Türkiye Cumhuriyeti kurulduğundan beri bekasına ve toprak bütünlüğüne karşı en büyük meydan okuma PKK melanetinden gelmiştir, bu tehdidin varlığı bugün de tüm boyutlarıyla güçlenerek ve de derinleşerek devam etmektedir. Yarınlarda daha da ölümcül etkilerle birlikte tüm hayati fonksiyonlarımızı tehdit etmeye ve 
hatta yok etmeye cüret edebileceği bir sır değildir. PKK terör örgütü nitelikleri itibarıyla Türkiye için hem iç hem de dış tehdittir. Terörle mücadelenin tarihine 
bakıldığında, bu anlamda bir yaklaşımı esas alarak mücadelenin yürütülmediğini görmek mümkündür. Genellikle bir iç tehdit olarak değerlendirilmiş, tedbirlerde 
büyük ölçüde askerî boyutta kalmış olmasına rağmen etkinliği diğer güç unsurları üzerinde sinerji de yaratamamıştır. 
Bu durumun sürüncemede kalmasında ana etken teşhisteki temel yanlışlıktır. Terör örgütü ile mücadelenin askerî bir konu olduğu kolaycılığına ve basitliğine kaçarak iş zamana bırakılmıştır. 

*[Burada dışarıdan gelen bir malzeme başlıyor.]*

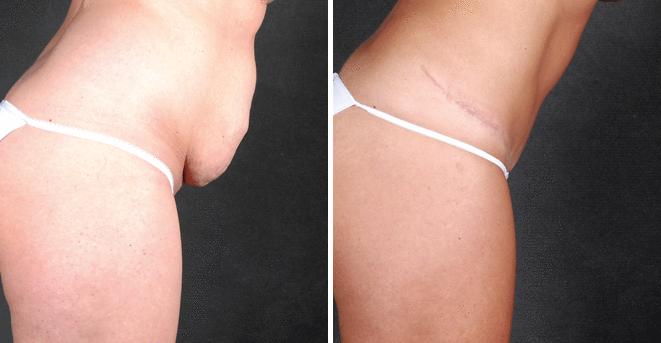 Liposuction Before and After Photos in Omaha, NE, Case 3998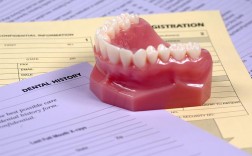 深圳allon4种植牙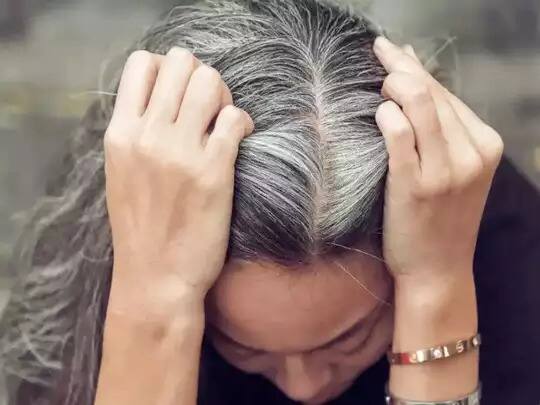 Premature Graying Of Hair: If the hair starts turning white before age, then do this remedy, add these things in the diet. Premature Greying Of Hair : ਜੇਕਰ ਉਮਰ ਤੋਂ ਪਹਿਲਾਂ ਸਫ਼ੇਦ ਹੋਣ ਲੱਗਣ ਵਾਲ ਤਾਂ ਕਰੋ ਇਹ ਉਪਾਅ, ਡਾਈਟ 'ਚ ਸ਼ਾਮਿਲ ਕਰੋ ਇਹ ਚੀਜ਼ਾਂ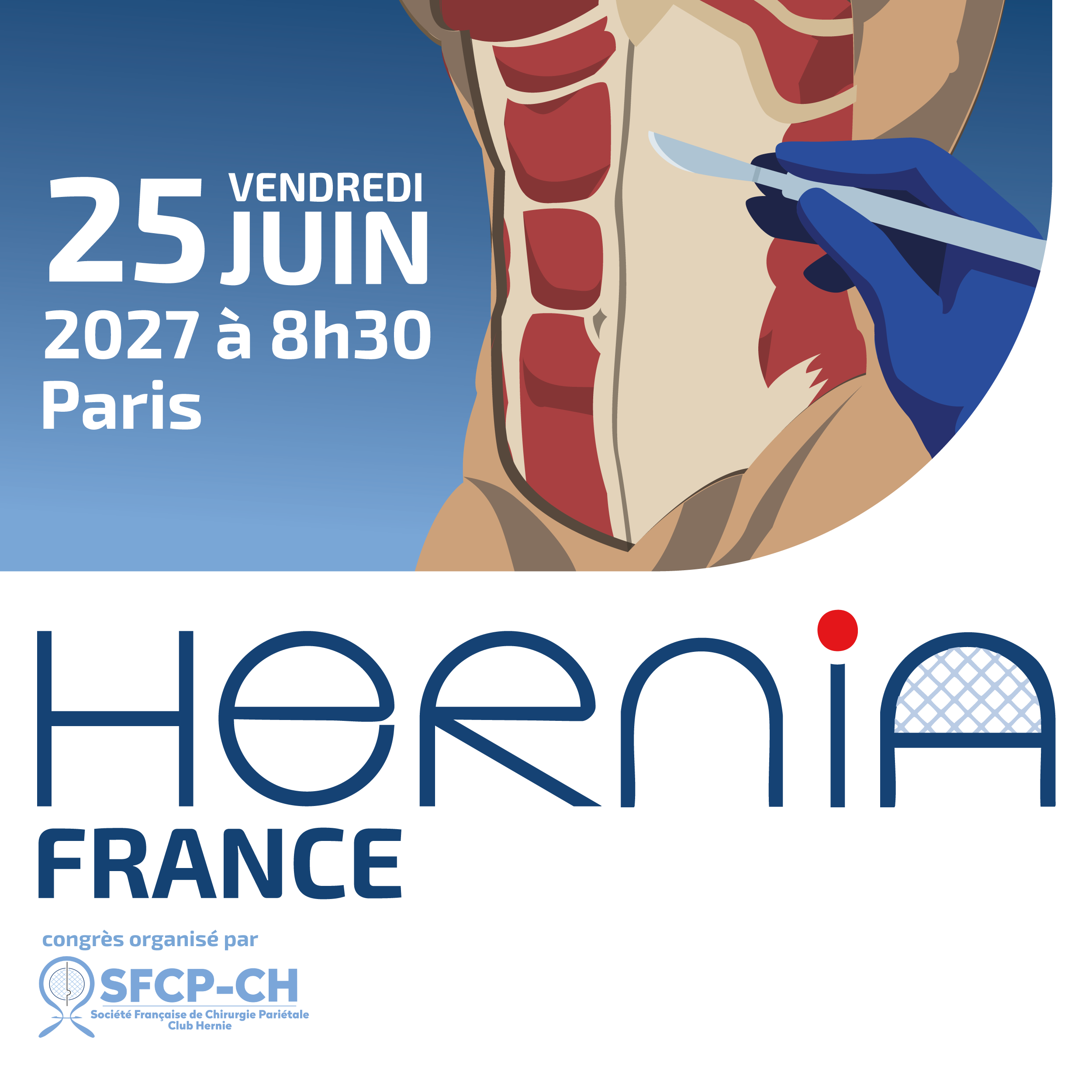 HERNIA-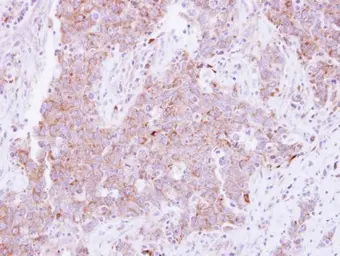 Anti-CD81 antibody used in IHC (Paraffin sections) (IHC-P). GTX101766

Kendi problemlerini Batılı kavramlarla çözmeye kalkan sivil-asker entelektüellerin, stratejik yetersizliklerine kılıf olarak, “ Terörle mücadele uzun soluklu bir iştir ” yalanı, günü kurtarmaya yönelik basit ve kişisel çıkarları koruma amaçlı bir önerme olarak yıllarca kullanılmıştır. Hâlâ da tedavülde tutulması düşündürücüdür.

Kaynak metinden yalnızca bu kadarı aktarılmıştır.